◆ **Study material**:
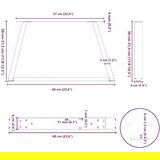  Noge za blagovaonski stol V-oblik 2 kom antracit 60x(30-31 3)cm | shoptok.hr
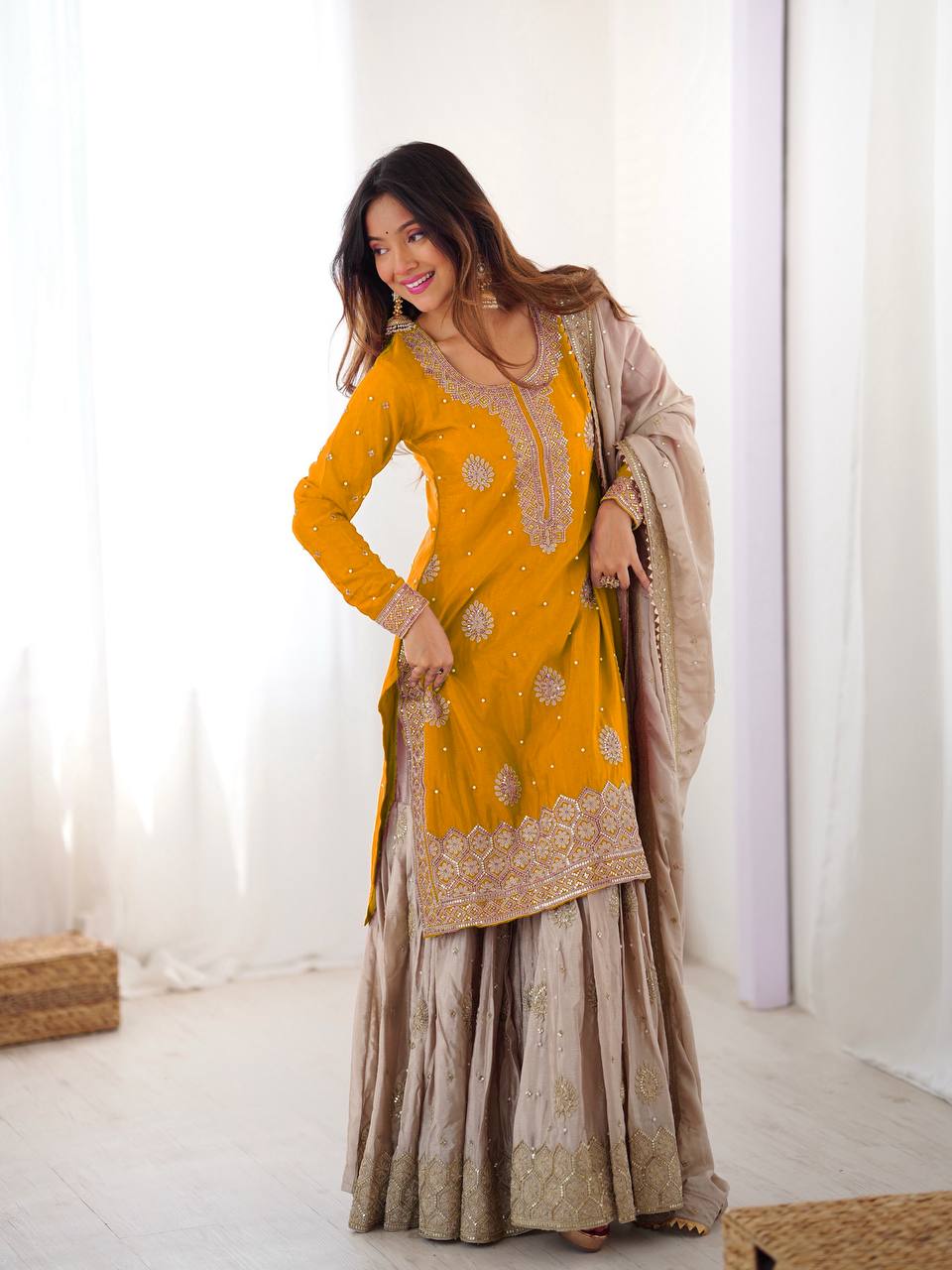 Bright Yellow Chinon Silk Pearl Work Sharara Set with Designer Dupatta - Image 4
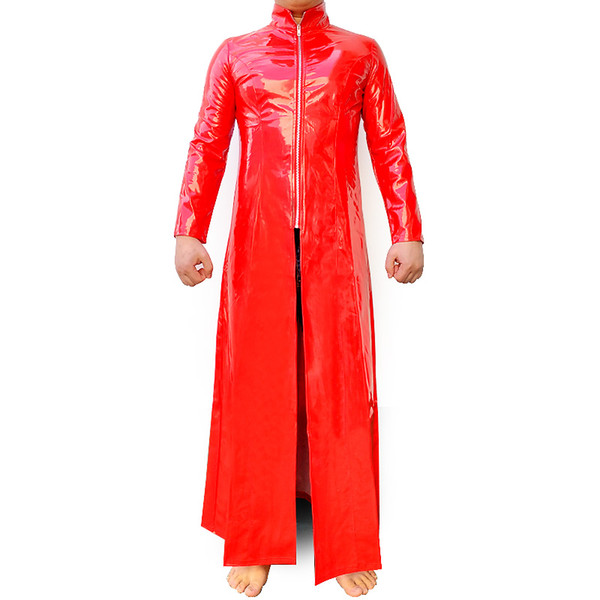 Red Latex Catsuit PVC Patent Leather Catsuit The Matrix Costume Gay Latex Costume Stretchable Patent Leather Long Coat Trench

---

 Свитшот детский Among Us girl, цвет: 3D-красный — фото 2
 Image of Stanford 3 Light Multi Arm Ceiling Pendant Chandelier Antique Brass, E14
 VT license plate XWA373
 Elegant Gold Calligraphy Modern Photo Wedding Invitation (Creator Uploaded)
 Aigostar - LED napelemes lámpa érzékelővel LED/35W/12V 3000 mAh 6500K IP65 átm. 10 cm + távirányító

--

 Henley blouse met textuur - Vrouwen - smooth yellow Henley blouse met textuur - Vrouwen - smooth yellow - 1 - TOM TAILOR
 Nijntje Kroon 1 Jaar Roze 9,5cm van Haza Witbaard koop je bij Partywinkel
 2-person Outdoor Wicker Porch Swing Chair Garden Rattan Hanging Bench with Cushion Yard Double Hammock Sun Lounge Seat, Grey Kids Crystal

◆ **What the task asks**: Every line above from the line with "Henley blouse met textuur - Vrouwen - smooth yellow Henley" to the line with "2-person Outdoor Wicker", inclusive, must be returned exactly; no other line belongs in the reply.

◆ **Exercise answer**:
 Henley blouse met textuur - Vrouwen - smooth yellow Henley blouse met textuur - Vrouwen - smooth yellow - 1 - TOM TAILOR
 Nijntje Kroon 1 Jaar Roze 9,5cm van Haza Witbaard koop je bij Partywinkel
 2-person Outdoor Wicker Porch Swing Chair Garden Rattan Hanging Bench with Cushion Yard Double Hammock Sun Lounge Seat, Grey Kids Crystal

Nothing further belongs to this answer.